Alternative business structures

Under the Legal Services Act 2007 a further notable change is expected at some time in 2011 – namely the advent of "alternative business structures" (ABSs) for law firms.  This will allow:

  • non-lawyer participation of more than 25%;
  • up to 100% non-lawyer ownership, including ownership by a non-lawyer business; and
  • provision of a combination of lawyer type services and other services.

In the meantime, ABSs remain prohibited in England and Wales.

6.6 Name and notepaper

Before setting up a firm or opening an office in England and Wales you need to check the requirements about the firm's notepaper. Rule 7 of the Code governs all publicity for an REL, including the name of the REL's firm and the letterhead, fax heading, website and e-mails it uses for the practice of its offices in England and Wales.
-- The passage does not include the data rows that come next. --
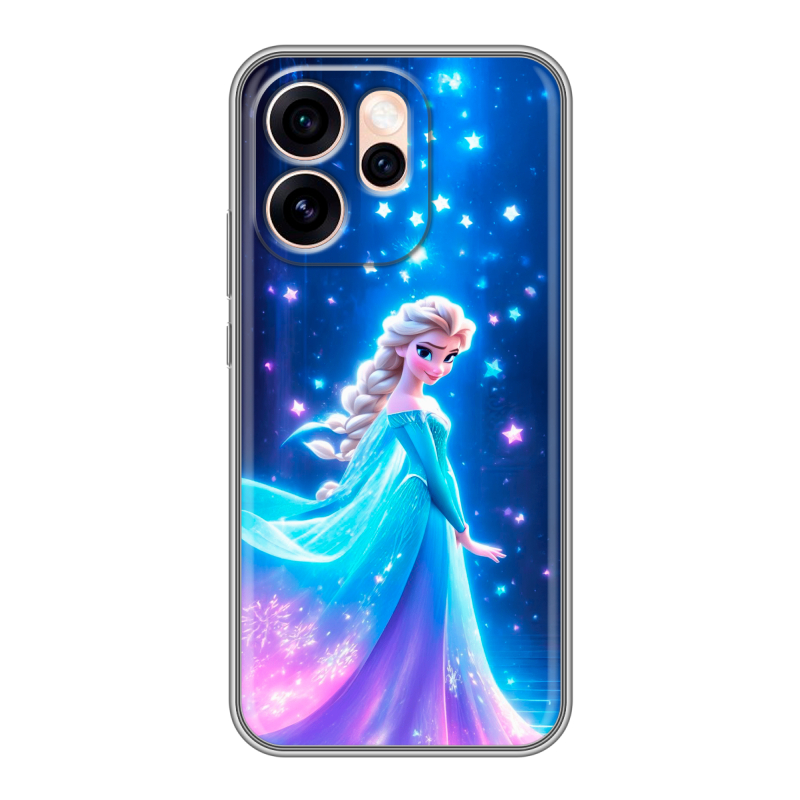 Силиконовый чехол на OPPO Reno15 Pro Max с принтом Холодное сердце Frozen Силиконовый чехол на OPPO Reno15 Pro Max с принтом Холодное сердце Frozen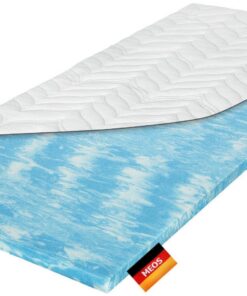 Meos® Gel-Schaum Topper 140x200cm - Hohes RG 50 - Made in Germany OEKO-TEX®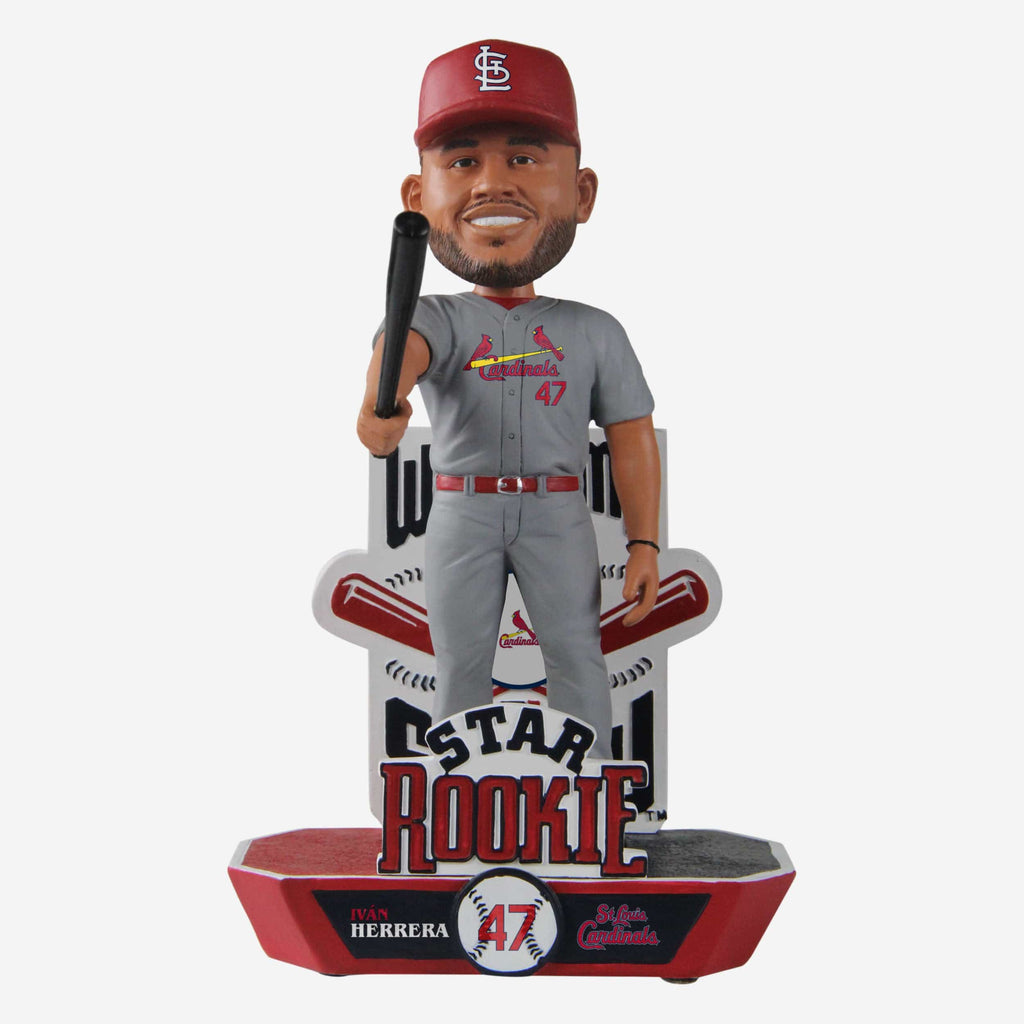 Ivan Herrera St Louis Cardinals Star Rookie Prospect Bobblehead FOCO - FOCO.com
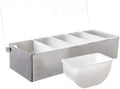 TableCraft Condiment Caddy Pizza Topping Station Stainless Steel Base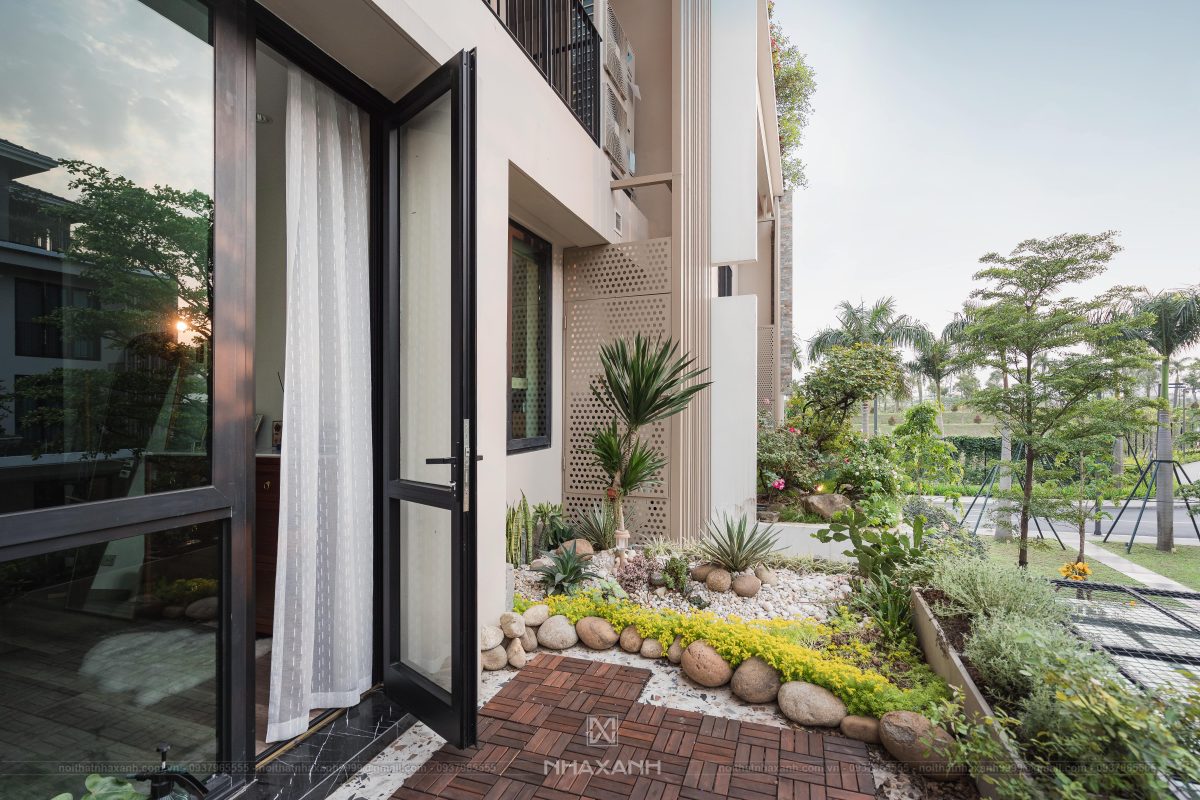 thiết kế nội thất biệt thự Park City khu sân vườn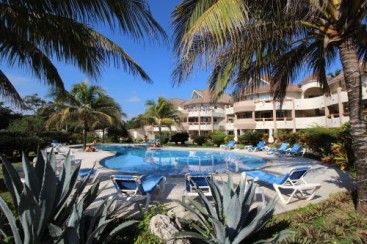 Luxury Beachfront Condos situated on the quiet side of Cabarete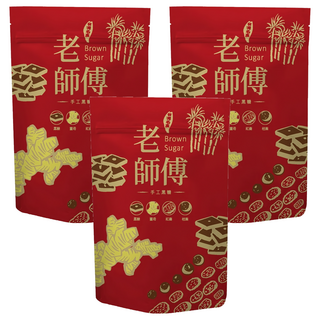 老師傅 黑糖紅棗桂圓茶磚, 45g, 11個, 3袋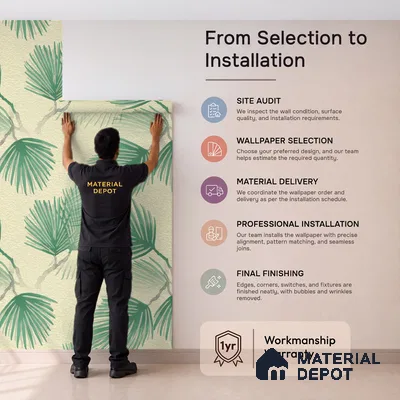 6836-2 | 5 Meter x 42 Inches Florals Look Wallpaper - 57.41 Sq. Ft.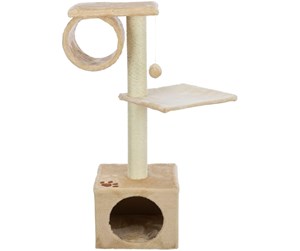 Katt - Trixie Cat Tree San Fernando Scratching Post Beige 106cm - TX43951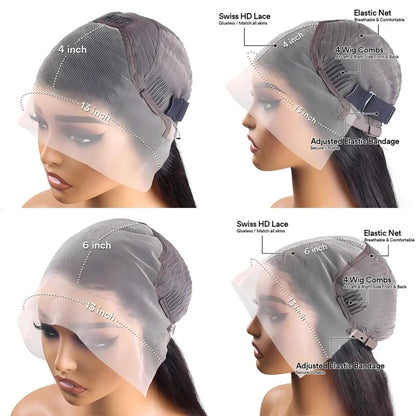 40Inch 13x6 Lace Front Wigs Human Hair Pre Plucked Body Wave Lace Front Wigs Human Hair 12A Frontal Wigs Human Hair for Women Smilegirl Wig Beauty Store 1104160532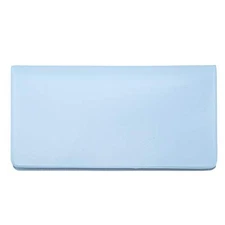 Baby Blue Vinyl Checkbook Cover, Top Tear Personal Vinyl Checkbook Cover 
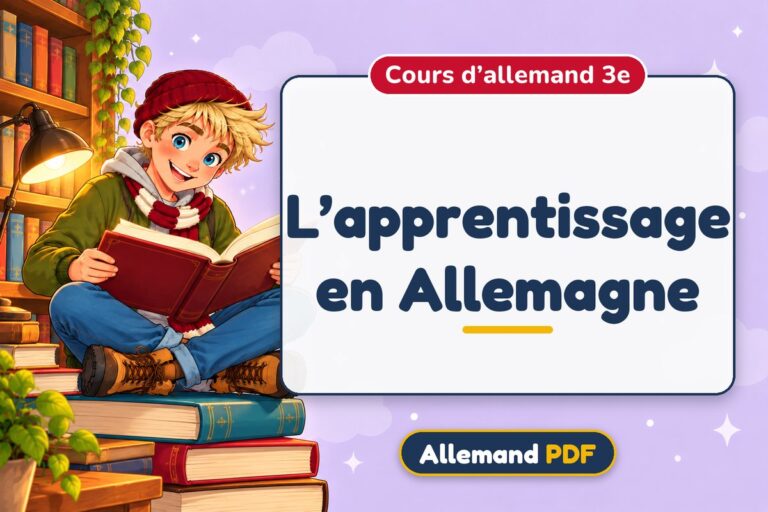 L’apprentissage en Allemagne : cours d’allemand 3e, illustration Allemand PDF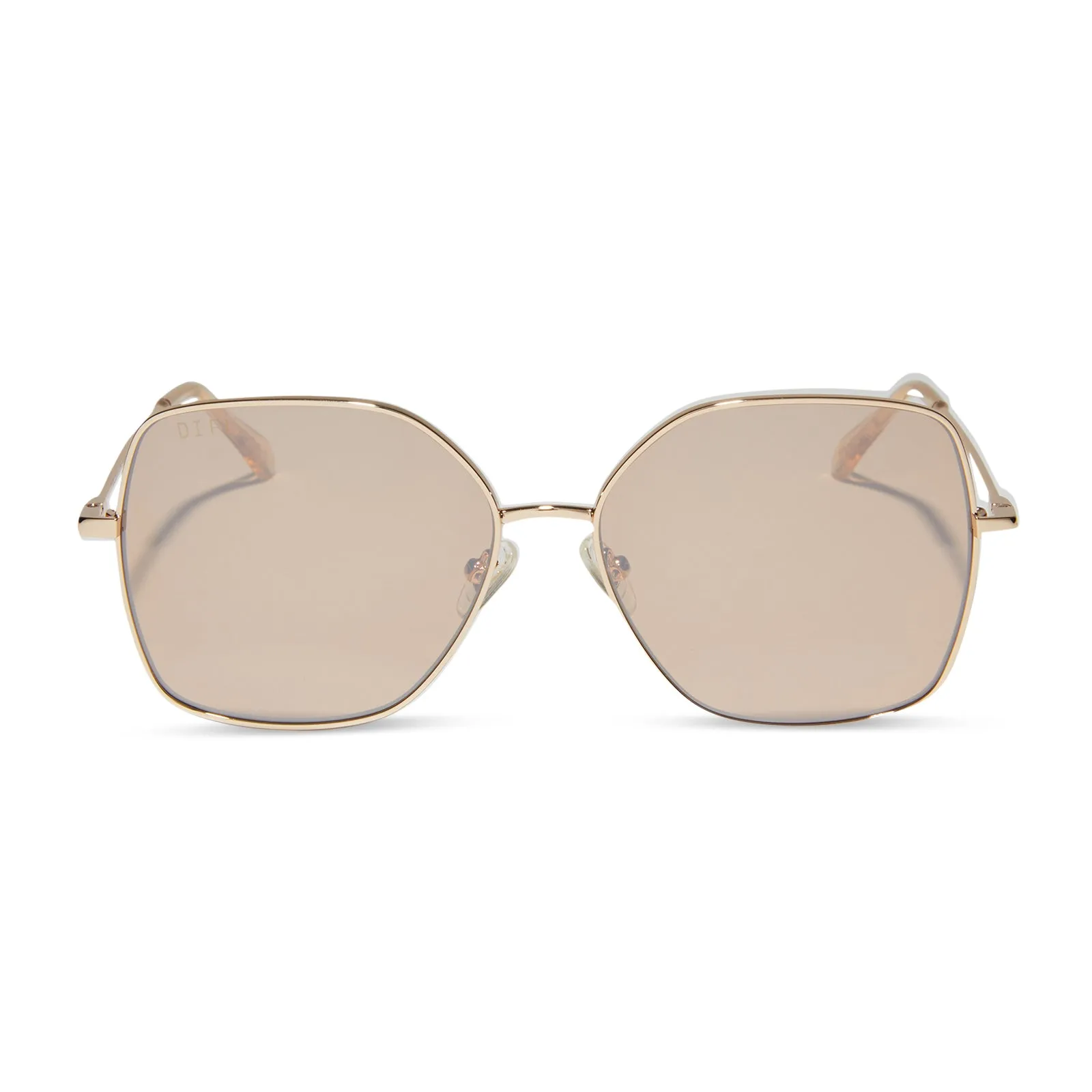 IRIS - GOLD + HONEY CRYSTAL FLASH + POLARIZED SUNGLASSES sold by Diff Eyewear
In the case of a sole practitioner:

  • the general law requires that the name of the sole practitioner must appear on the letterhead;
  • the REL's name must be accompanied by the jurisdiction (local or national as appropriate) under whose professional title he or she is practising, and that title expressed in the official language of that jurisdiction, and a reference to the REL's registration – e.g. "Paul van den Hoek, advocaat (Brussels), registered European lawyer";
  • rule 7 requires the firm's letterhead and fax heading to show the words "regulated by the Solicitors Regulation Authority";
  • as from 1 January 2010 the firm's website and e-mails must show the words "regulated by the Solicitors Regulation Authority";  and
  • as from 1 January 2010 the firm's letterhead, fax heading, website and e-mails must include the name under which the firm is recognised by the SRA and the number allocated to it by the SRA - see rule 25.01(7)(c).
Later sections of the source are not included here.